Biz 2017 senesinde yukarıda bahsetmiş olduğum İK süreçlerini ne kadar uyguladık, nerelerde eksiğimiz var, neleri geliştirmeliyiz anlamak adına, farklı ülkelerde farklı şirketleri denetleyip değerlendiren En İyi İşveren Enstitüsü’ne (Top Employer Institute) başvurduk. Sertifikasyon döneminde zorlu bir araştırma sürecinden geçtik, bu dönemde yukarda bahsetmiş olduğum İK süreçlerinin hepsi tek tek ele alındı. Saint Gobain Türkiye olarak özellikle şeffaflık, çalışanlara tanınan yatay ve dikey pozisyonlara geçiş imkânı, yetenek yönetimi, işgücü planlaması, İK alanında uygulanan yenilikçi yaklaşımlar, eğitim organizasyonları ve bunun yanı sıra zengin şirket kültürümüz ve uygulamalarımız ile bu sene ilk defa Türkiye’de En İyi İşveren ödülünü alan şirketler arasına girdik. Saint-Gobain Türkiye olarak tüm İK süreçlerini başarıyla uygulamaktan ve bu ödülü kazanarak hem Türkiye hem de Avrupa, Kuzey Amerika ve Asya-Pasifik, Latin Amerika bölgelerinde ödülü alan şirketimizin Global ödülü almasına da Türkiye sertifikasyonu sayesinde katkıda bulunmuş olduk.

Önümüzdeki yıl da hedeflerimizden biri Top Employer 2019 sertifikasyonu için çalışmak olacak, gelişim alanlarımızı gördük ve aksiyon planlarımız yapmaya başladık. Bunun yanı sıra, grup şirketlerimizin bazılarında uygulanmakta olan Liderlik Akademisi’ni tüm şirketlerimize ortak bir eğitim projesi olarak yaymayı planlıyoruz.

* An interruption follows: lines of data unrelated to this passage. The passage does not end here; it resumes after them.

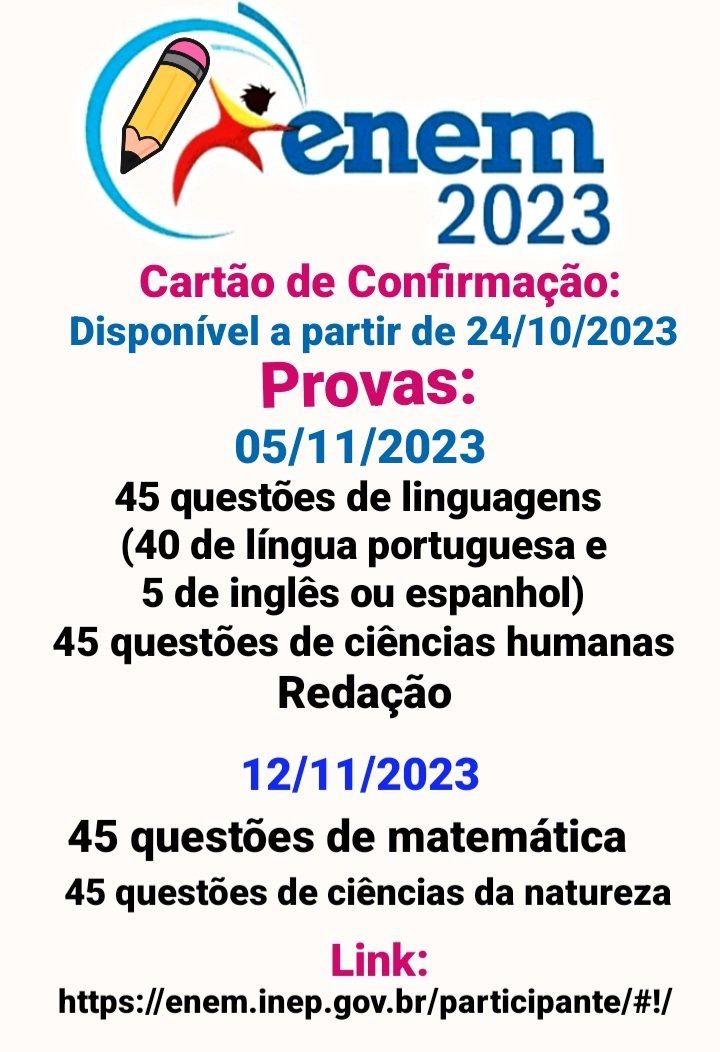 Inep divulga notas médias do Enem 2021 - sejabixo!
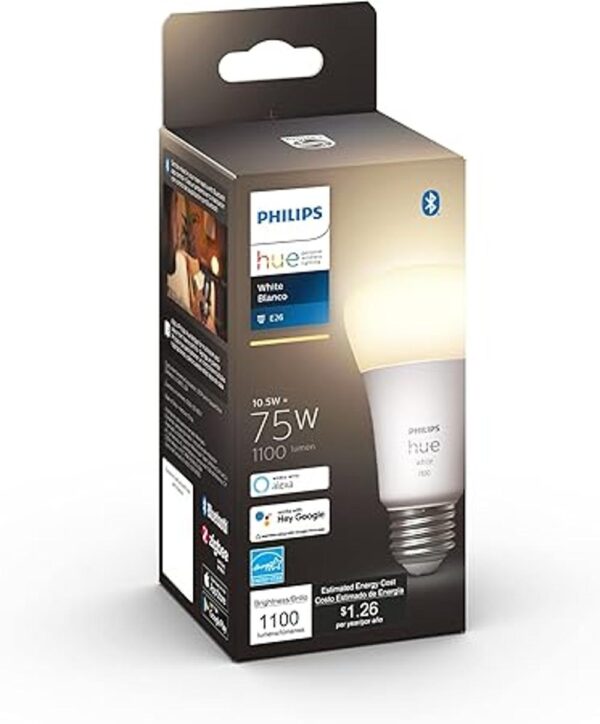 Philips Hue Bombilla inteligente blanca base mediana A19_3
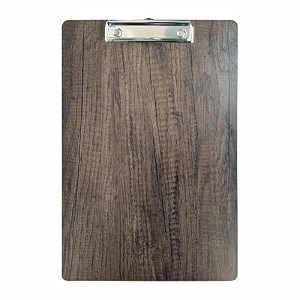 anupam duo exam board 6 mm thickn wooden clipboards hardboard with low profile clip standard a4 letter size wood clip boards for office school classroom supplies 36x24cm multicolour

Ayrıca geçen sene ilk defa başlattığımız Genç Yetenekler projemizi de bu sene katılımcı sayımızı artırarak sürdürmeyi planlıyoruz. Bu proje kapsamında belli kriterler ışığında kabul ettiğimiz farklı departmanlardan katılımcılarımız, kendi projelerini yaklaşık bir sene boyunca çalışıp üst yönetime farklı zamanlarda sunum yapma imkanı buluyorlar. Bunun yanı sıra, yurt içi-yurt dışı eğitimler, profesyonel mentorluk seansları, grup şirketlerini tanıma/tesis gezileri düzenliyoruz. Amacımız genç yeteneklerimizi hem kişisel hem de profesyonel alanlarda geliştirmek ve kariyerlerinde bir sonraki adımlarında onlara destek olmak.

Tüm bunların yanı sıra hem globalde hem de Türkiye’de dijital projelerimizin üzerinde çalışıyoruz, dijital onboarding, e-learning gibi konular en büyük önceliğimiz. Saint-Gobain İK olarak özenli çalışmalara devam edeceğiz, her geçen sene daha iyi bir işveren olmak en büyük taahhüdümüz.